I'm thinking De Moivre so $$\sum_{n=0}^{\infty}p^n (e^{ix})^n = \sum_{n=0}^{\infty} p^n(Cos x + i Sin x)^n= \sum_{n=0}^{\infty} (pCos x + ip Sin x)^n$$

I also tried a geometric series with a=1, $r=pe^{ix}$

But those won't work out with the limit of $\infty$, so any hints please?
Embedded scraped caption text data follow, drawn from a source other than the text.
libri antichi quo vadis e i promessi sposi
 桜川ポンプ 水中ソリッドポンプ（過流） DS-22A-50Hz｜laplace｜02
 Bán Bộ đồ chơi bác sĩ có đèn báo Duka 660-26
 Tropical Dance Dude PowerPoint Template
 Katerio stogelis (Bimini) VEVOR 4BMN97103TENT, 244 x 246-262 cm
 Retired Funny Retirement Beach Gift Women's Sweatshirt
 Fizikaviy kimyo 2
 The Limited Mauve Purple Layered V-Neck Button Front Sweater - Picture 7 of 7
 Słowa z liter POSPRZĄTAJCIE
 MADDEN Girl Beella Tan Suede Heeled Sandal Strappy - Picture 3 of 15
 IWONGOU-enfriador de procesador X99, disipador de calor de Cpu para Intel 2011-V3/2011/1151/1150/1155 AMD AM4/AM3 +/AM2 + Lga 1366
What makes you think the limit is $\displaystyle \begin{align*} \infty \end{align*}$? The geometric series is convergent where $\displaystyle \begin{align*} |r| < 1 \end{align*}$, so where

$\displaystyle \begin{align*} \left| p\,\mathrm{e}^{\mathrm{i}\,x} \right| &< 1 \\ \left| p \right| \left| \mathrm{e}^{\mathrm{i}\,x} \right| &< 1 \\ \left| p \right| \cdot 1 &< 1 \\ \left| p \right| &< 1 \end{align*}$

As long as you have $\displaystyle \begin{align*} \left| p \right| < 1 \end{align*}$ the series is convergent.Also $\displaystyle \begin{align*} \mathrm{e}^{\mathrm{i}\,\theta} \equiv \cos{ \left( \theta \right) } + \mathrm{i}\sin{ \left( \theta \right) } \end{align*}$ is Euler, not DeMoivre...
 
Thanks Proove it, I was thinking $s_n = \frac{1-r^n}{1-r}$, but if |p| < 1 then |r| < 1 and $s_n = \frac{1}{1-r} = \frac{1}{1-pe^{ix}}$ and with Euler's help it all works out fairly easily :-)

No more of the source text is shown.